Brief descriptive captions:
-- Opening Marker --

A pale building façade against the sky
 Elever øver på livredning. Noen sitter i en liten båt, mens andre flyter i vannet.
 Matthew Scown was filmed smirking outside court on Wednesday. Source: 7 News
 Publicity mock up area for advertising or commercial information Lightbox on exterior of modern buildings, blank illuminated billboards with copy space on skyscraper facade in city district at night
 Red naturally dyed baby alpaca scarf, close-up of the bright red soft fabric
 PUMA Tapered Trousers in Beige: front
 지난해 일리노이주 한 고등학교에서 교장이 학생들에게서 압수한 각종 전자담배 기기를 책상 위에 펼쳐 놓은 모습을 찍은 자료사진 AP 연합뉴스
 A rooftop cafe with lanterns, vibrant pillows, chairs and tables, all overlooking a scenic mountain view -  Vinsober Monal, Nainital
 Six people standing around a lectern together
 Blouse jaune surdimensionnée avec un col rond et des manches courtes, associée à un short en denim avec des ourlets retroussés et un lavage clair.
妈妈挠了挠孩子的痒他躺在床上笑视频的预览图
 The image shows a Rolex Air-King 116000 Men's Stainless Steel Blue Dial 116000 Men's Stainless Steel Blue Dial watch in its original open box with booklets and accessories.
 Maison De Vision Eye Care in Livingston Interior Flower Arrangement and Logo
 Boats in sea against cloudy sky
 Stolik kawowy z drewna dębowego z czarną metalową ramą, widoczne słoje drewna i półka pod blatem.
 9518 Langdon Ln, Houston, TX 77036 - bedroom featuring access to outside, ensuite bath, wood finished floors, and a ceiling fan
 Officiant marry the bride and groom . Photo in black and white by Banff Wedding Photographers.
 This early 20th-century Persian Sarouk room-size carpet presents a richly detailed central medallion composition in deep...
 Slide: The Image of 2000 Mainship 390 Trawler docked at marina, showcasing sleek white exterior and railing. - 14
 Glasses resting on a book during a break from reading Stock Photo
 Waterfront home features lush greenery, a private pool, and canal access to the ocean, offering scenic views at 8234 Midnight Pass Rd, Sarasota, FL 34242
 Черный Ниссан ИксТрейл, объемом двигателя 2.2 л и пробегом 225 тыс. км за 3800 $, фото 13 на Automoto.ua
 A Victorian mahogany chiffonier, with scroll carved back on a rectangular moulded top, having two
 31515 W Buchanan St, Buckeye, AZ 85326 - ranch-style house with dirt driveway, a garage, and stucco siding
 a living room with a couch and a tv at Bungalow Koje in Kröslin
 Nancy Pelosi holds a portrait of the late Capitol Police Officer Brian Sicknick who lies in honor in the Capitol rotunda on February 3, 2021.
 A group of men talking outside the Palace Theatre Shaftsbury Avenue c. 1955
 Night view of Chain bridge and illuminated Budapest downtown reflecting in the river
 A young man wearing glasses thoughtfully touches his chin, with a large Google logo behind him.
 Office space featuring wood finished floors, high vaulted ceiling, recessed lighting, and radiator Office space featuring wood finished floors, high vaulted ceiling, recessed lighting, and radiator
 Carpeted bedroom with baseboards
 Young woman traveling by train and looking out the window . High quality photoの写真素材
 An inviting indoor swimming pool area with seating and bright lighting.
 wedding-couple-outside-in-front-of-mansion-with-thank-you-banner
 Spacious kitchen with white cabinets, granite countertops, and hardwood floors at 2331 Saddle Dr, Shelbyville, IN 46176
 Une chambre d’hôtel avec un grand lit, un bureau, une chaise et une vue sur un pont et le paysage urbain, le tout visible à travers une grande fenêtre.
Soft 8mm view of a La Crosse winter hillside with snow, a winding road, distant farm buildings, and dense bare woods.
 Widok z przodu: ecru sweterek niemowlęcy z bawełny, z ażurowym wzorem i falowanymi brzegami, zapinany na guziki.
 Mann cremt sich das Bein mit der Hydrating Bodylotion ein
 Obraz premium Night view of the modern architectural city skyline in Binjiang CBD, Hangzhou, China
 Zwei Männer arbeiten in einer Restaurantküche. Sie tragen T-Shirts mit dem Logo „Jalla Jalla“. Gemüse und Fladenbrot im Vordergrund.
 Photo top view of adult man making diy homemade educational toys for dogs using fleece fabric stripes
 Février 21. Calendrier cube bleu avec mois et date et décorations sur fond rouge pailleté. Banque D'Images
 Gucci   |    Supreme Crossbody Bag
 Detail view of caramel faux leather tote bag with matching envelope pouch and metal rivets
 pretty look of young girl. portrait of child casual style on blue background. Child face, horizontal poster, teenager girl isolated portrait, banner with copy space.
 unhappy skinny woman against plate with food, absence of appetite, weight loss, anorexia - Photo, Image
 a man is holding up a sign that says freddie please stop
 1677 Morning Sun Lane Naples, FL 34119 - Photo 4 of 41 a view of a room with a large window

-- Closing Marker --

▸ What the task asks:
In the records above, the line with "A group of men" marks the start and the line with "Une chambre d’hôtel" marks the end; copy that stretch exactly, both lines included, and nothing else.

▸ Task response:
 A group of men talking outside the Palace Theatre Shaftsbury Avenue c. 1955
 Night view of Chain bridge and illuminated Budapest downtown reflecting in the river
 A young man wearing glasses thoughtfully touches his chin, with a large Google logo behind him.
 Office space featuring wood finished floors, high vaulted ceiling, recessed lighting, and radiator Office space featuring wood finished floors, high vaulted ceiling, recessed lighting, and radiator
 Carpeted bedroom with baseboards
 Young woman traveling by train and looking out the window . High quality photoの写真素材
 An inviting indoor swimming pool area with seating and bright lighting.
 wedding-couple-outside-in-front-of-mansion-with-thank-you-banner
 Spacious kitchen with white cabinets, granite countertops, and hardwood floors at 2331 Saddle Dr, Shelbyville, IN 46176
 Une chambre d’hôtel avec un grand lit, un bureau, une chaise et une vue sur un pont et le paysage urbain, le tout visible à travers une grande fenêtre.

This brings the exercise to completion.